Compliance, Audit, and Governance Tools
Azure provides comprehensive tools for maintaining compliance and auditing resource activity. These tools work together to create a complete governance framework that ensures regulatory requirements are met while enabling controlled innovation.
Monitoring and Activity Tracking
Azure Monitor collects telemetry data from Azure resources, applications, and infrastructure, providing insights into performance and health. Activity Log tracks all control plane operations on Azure resources, showing who did what, when, and from where. This is essential for compliance audits and security investigations.
Resource Discovery and Compliance Assessment
Azure Resource Graph allows querying resource properties across subscriptions using KQL (Kusto Query Language), enabling governance teams to discover resources that do not meet standards. For example, you could query for all storage accounts without encryption enabled or all network security groups with overly permissive rules.
Compliance Manager helps organizations assess their cloud compliance status against standards like ISO 27001, HIPAA, GDPR, and PCI-DSS. It provides templates, assessment tools, and recommendations for improving compliance posture.
Repeatable Governance Frameworks
Azure Blueprints enable organizations to define a repeatable set of Azure resources, including policies, role assignments, and resource deployments. When an organization needs to create consistent, compliant environments, blueprints automate deployment of approved architectures. Blueprint versioning allows rolling back to previous compliant states if needed.
Governance Best Practices and Study Strategies
Mastering Azure governance requires understanding both theoretical concepts and practical implementation.
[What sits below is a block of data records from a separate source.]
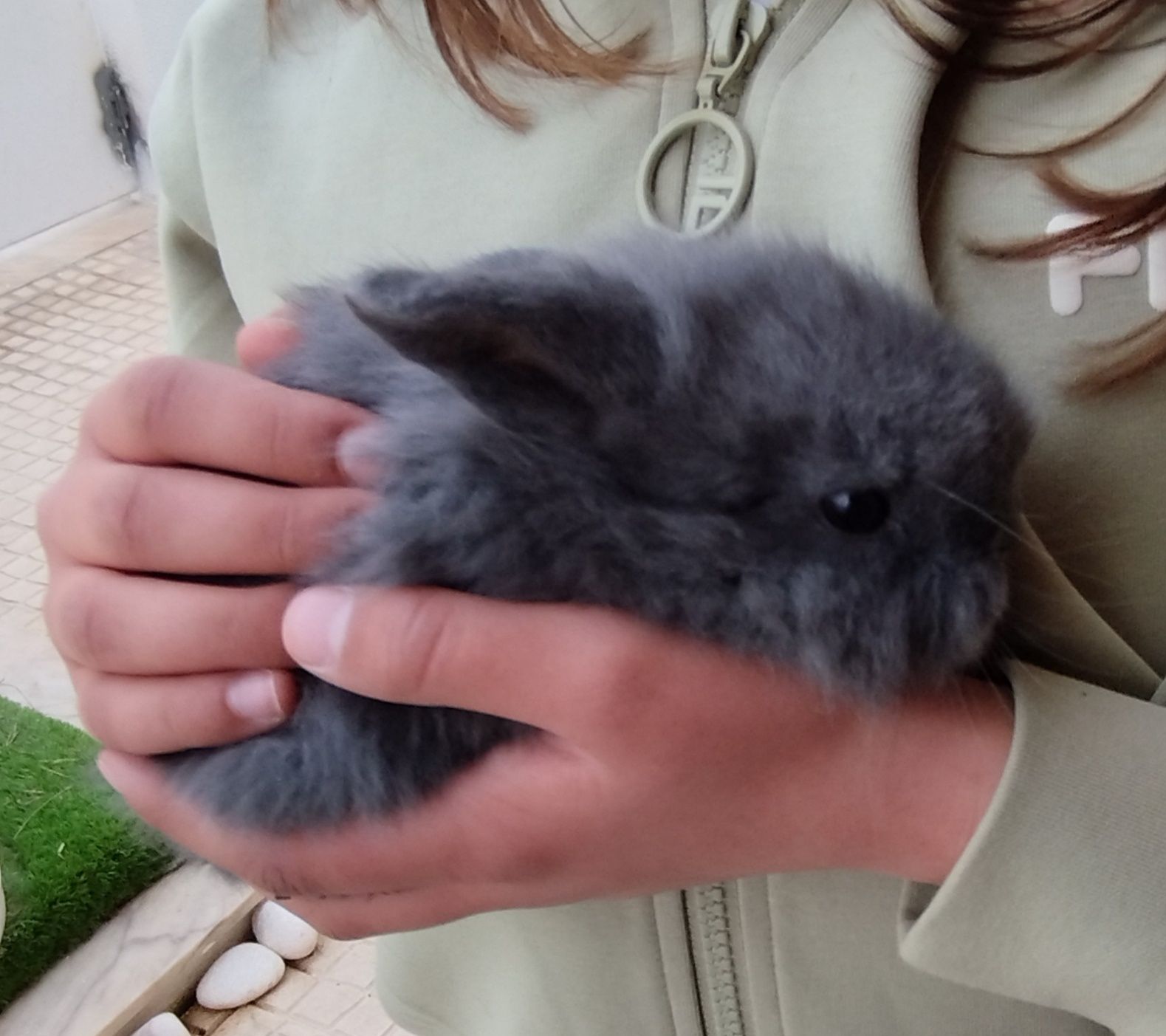 Coelhos miniatura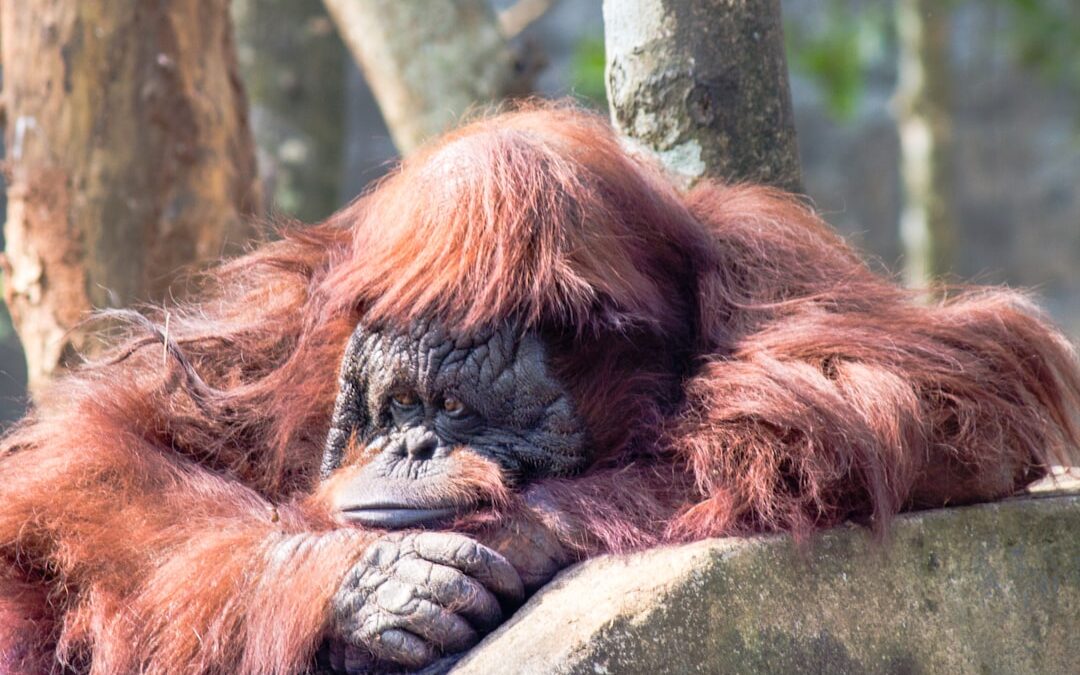 Wanneer slaapt een orang-oetan?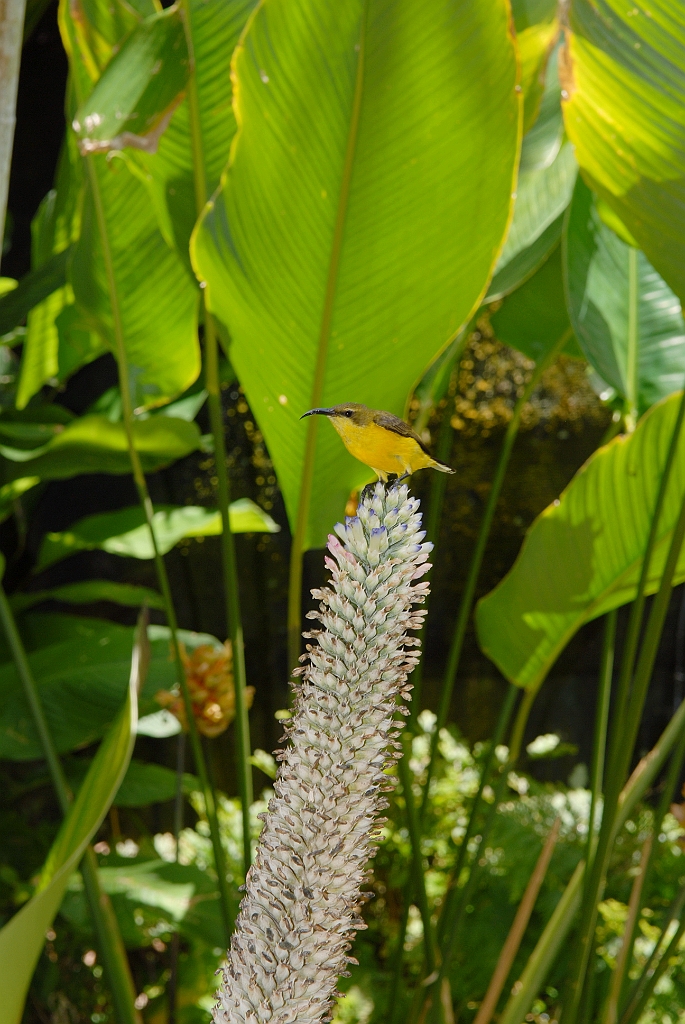 0220 Cairns Botanic Gardens.jpg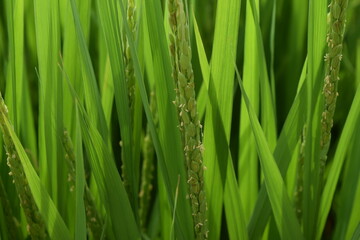 白く小さい イネの花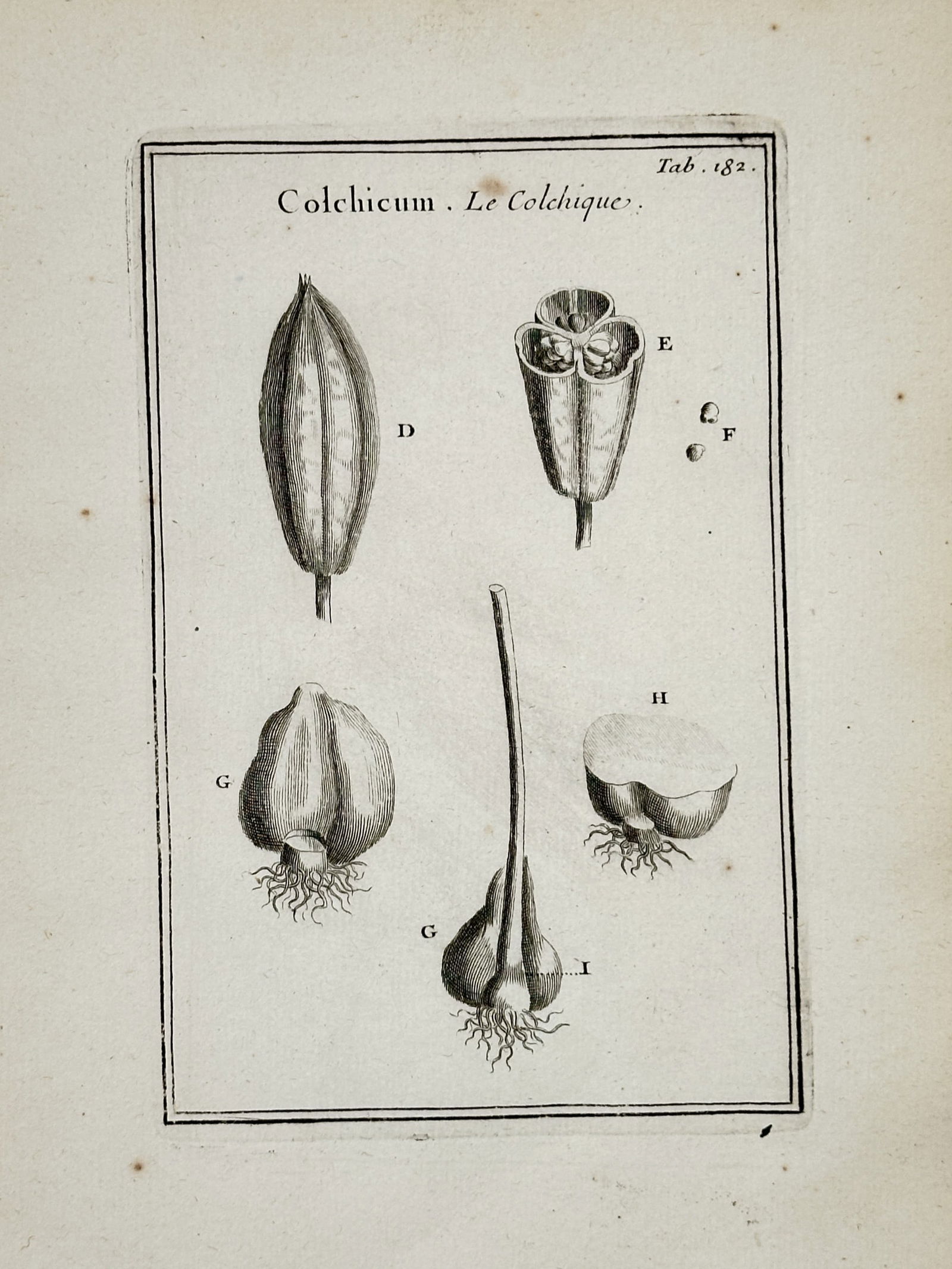 Joseph Pitton de Tournefort (1656–1708) – Meadow Saffron – engraving (1719) (1 of 2)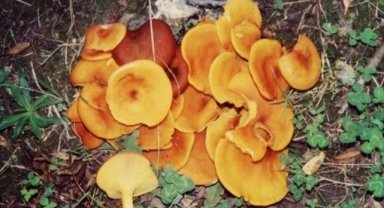 Mantar zehirlenmesi organ yetmezliğine yol açabiliyor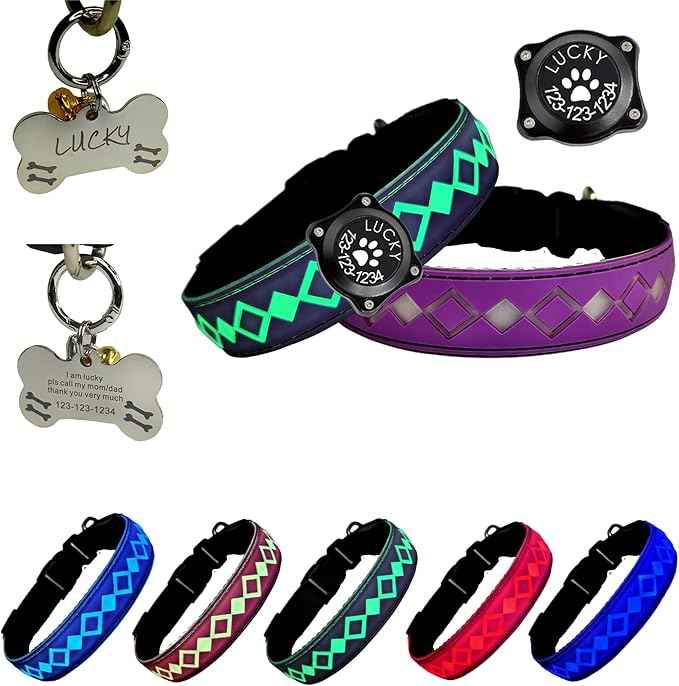 LED Dog Collar with AirTag Holder and Custom ID Tag, 15 Light Modes, Waterproof, Multiple Colors (PURPLE, XL(19.7-23.6"))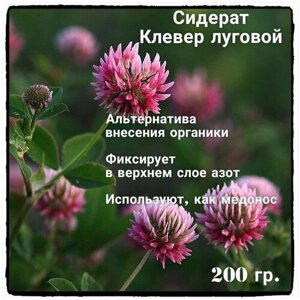Семена Клевер Лугового Розового газон травы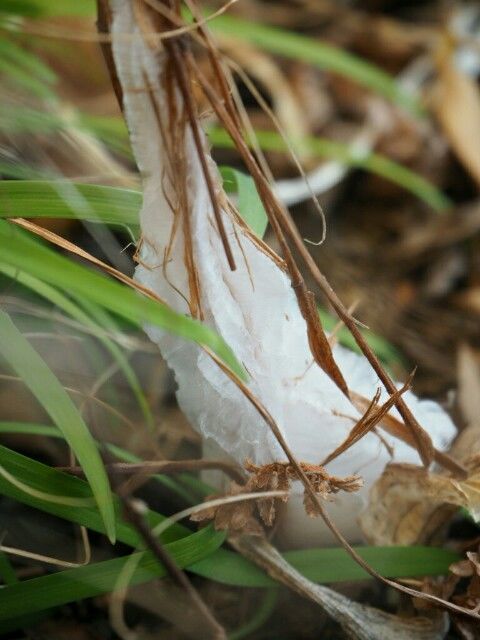 f:id:y-garden:20181229154605j:image f:id:y-garden:20181229154605j:image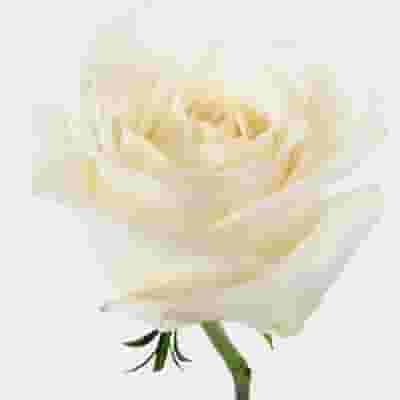 Rose Playa Blanca White  60 Cm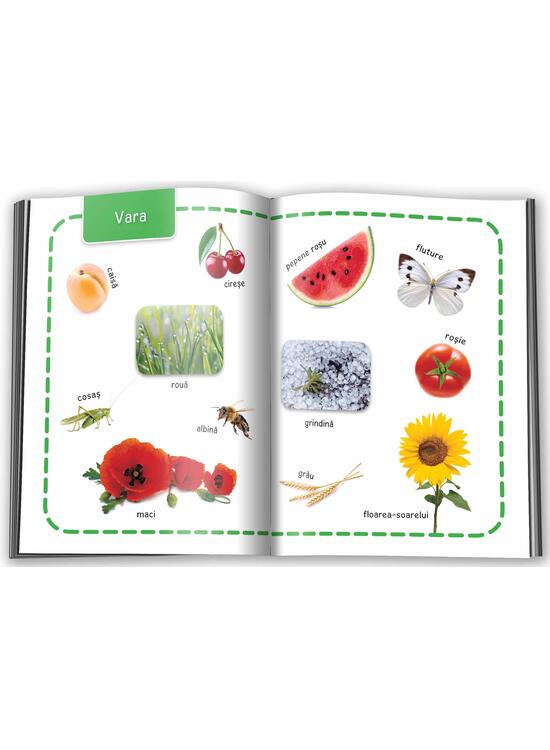 Copertă produs Natură. &Icirc;nvăț 100 de cuvinte (Vol. 4) - gallery big 4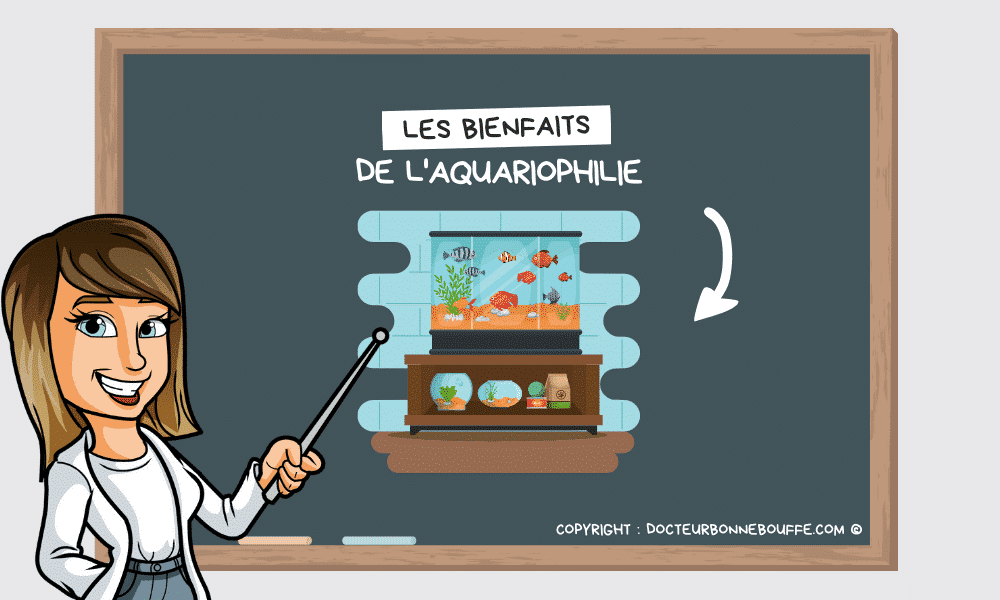 bienfaits aquarium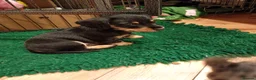 Mixed Breed dogs for sale: Miniature schnoxies  - Advert 19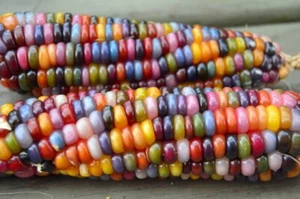 25+ Glass Gem Indian Corn Seeds Plant Beautiful Colorful Vibrant Organic Rare - Picture 1 of 1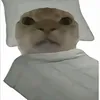 r1pl1nh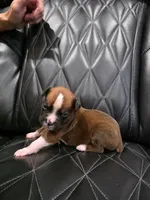 Cooper, a male Boxer for sale in Camdenton, MO – 7 of 10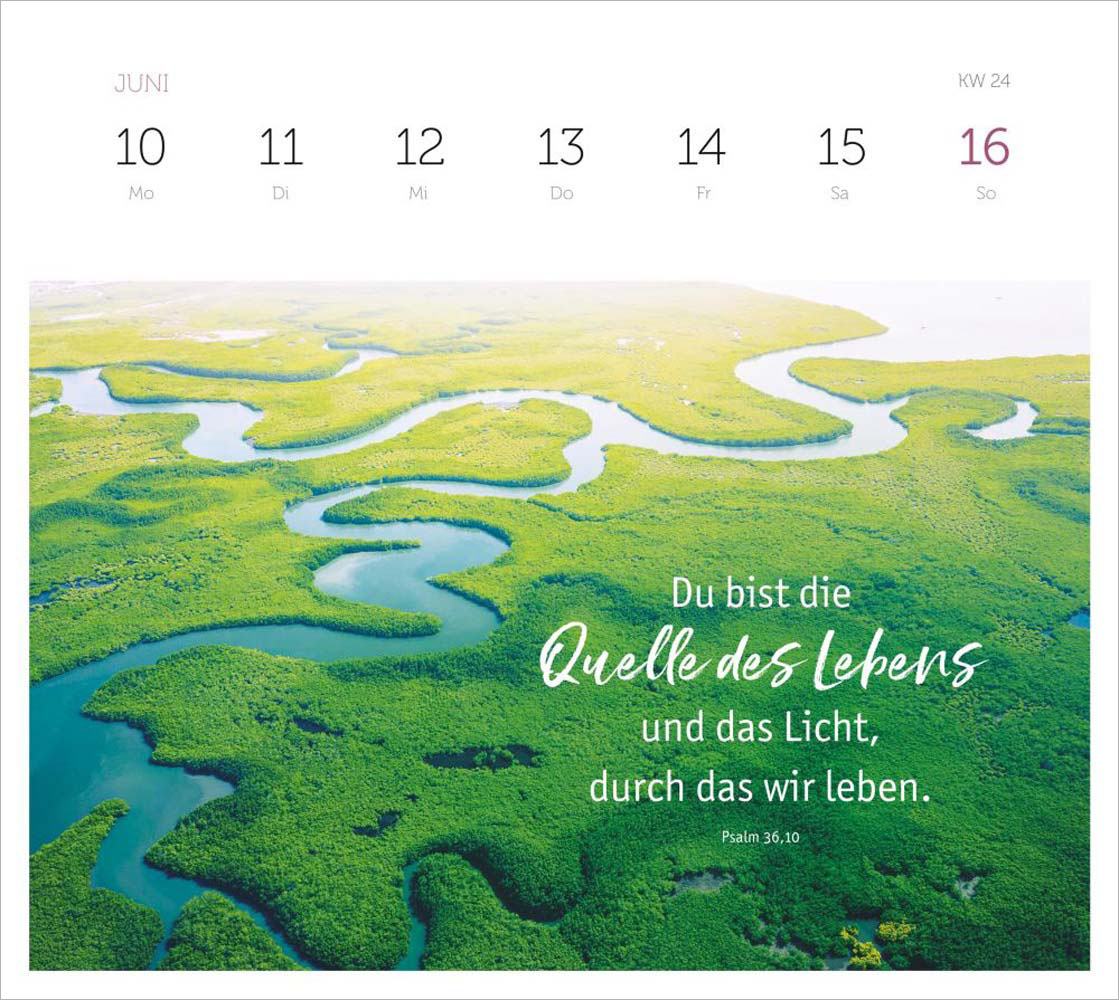 Grüne Wunder - blaue Weiten 2024 - Wochenplaner Grüne Wunder - blaue Weiten 2024 - Wochenplaner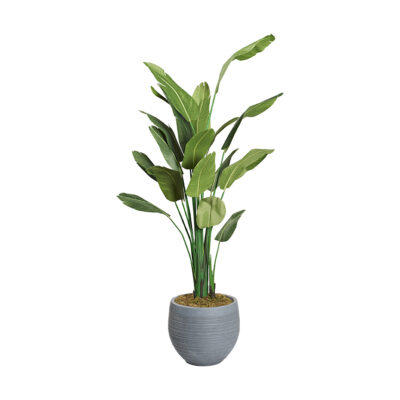 Traveler Palm in Large Riband Planter 9' - 321883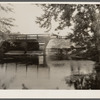 Dam at Trap Pond. Delaware land use project
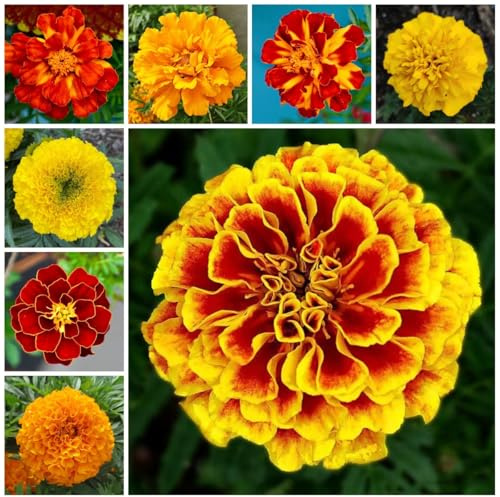 semi di tagetes perenni - calendula, giardino roccioso resistenti di tagetes calendula biologici, aiuola, esotiche resistenti 50pcs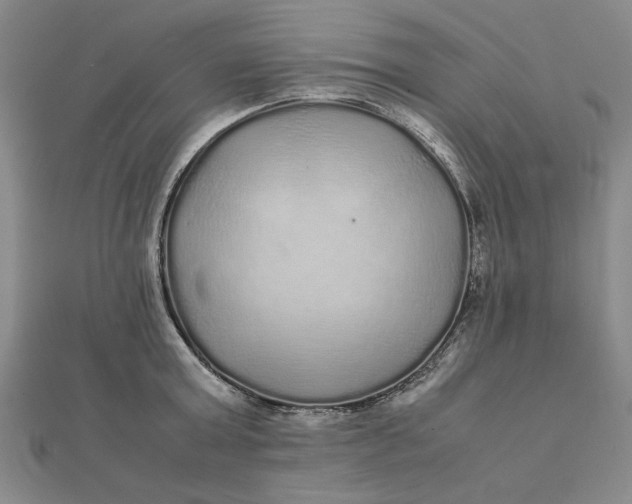 X0000112110803200908251210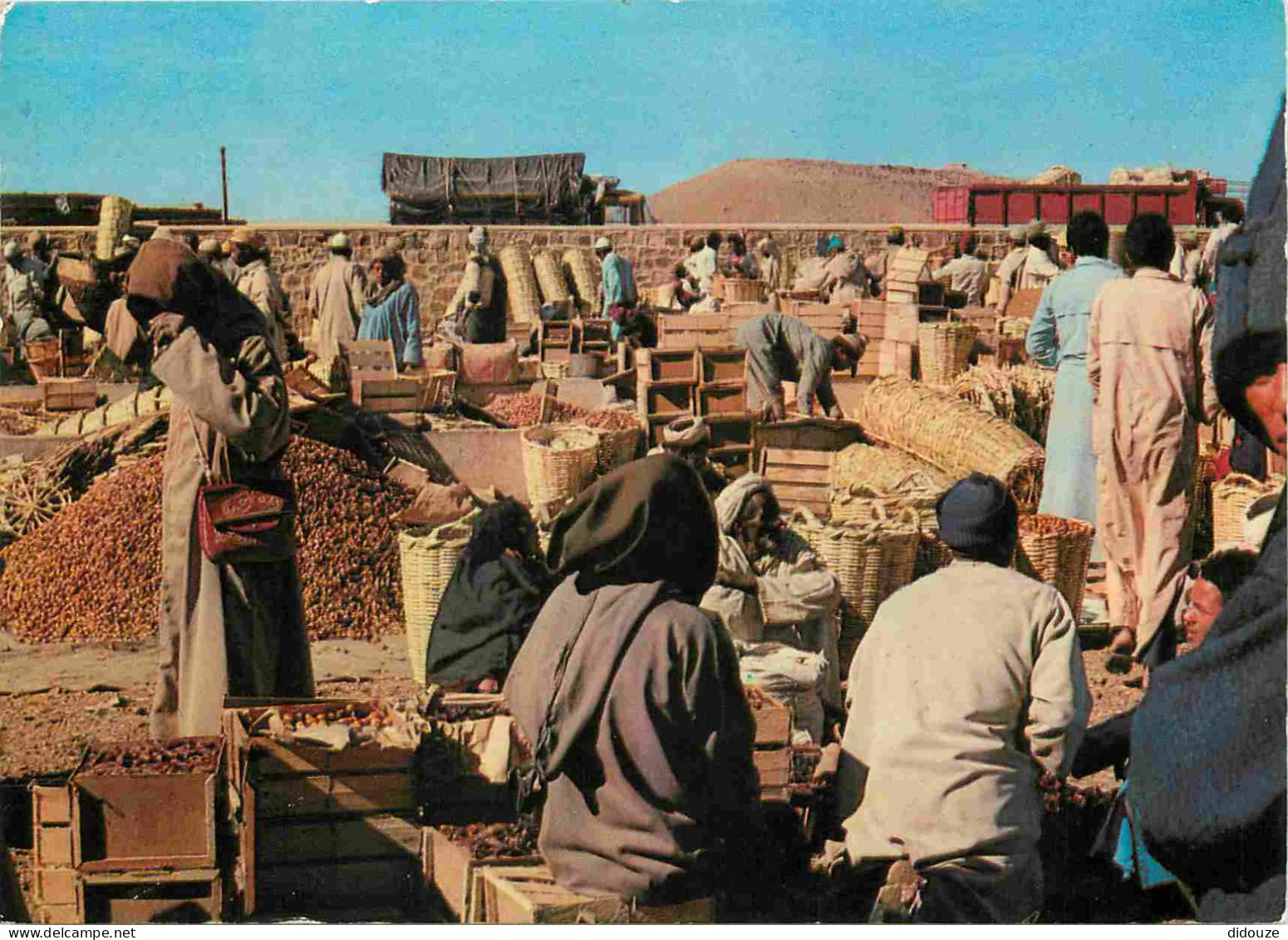 Maroc - Marché Arabe - Folklore - Scènes Et Types - CPM - Carte Neuve - Voir Scans Recto-Verso - Altri & Non Classificati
Start by grasping the fundamental principle that governance enables organizations to maintain control while enabling innovation.
Conceptual Learning Framework
Focus on learning the relationships between services. Understand how Azure Policy enforces compliance, RBAC controls who can do what, and Cost Management ensures financial accountability. Create a mental model of the governance hierarchy from organization level down to individual resources.
Practice thinking through real-world scenarios such as setting up a new development team with appropriate access, ensuring a specific resource group complies with company encryption standards, or investigating unusual cloud spending.
Flashcard Strategy for Governance Topics
Flashcards are particularly effective for governance topics because they help you memorize specific roles, policy effects, RBAC scope levels, and compliance frameworks. Break complex topics into manageable cards, such as separate cards for each built-in role definition, each policy effect type, and each compliance framework.
Use spaced repetition to review cards regularly, strengthening neural pathways essential for exam success. Connect abstract concepts to concrete examples by creating scenario cards with a situation on the front and the governance solution on the back.
Hands-On Practice
For the AZ-900 exam, you will need to recognize governance scenarios and identify which tools and approaches apply. Practice labs in Azure's free tier help cement understanding by showing policies in action and RBAC decisions affecting resource access. Studying governance with spaced repetition systems maximizes long-term retention while building confidence in your knowledge.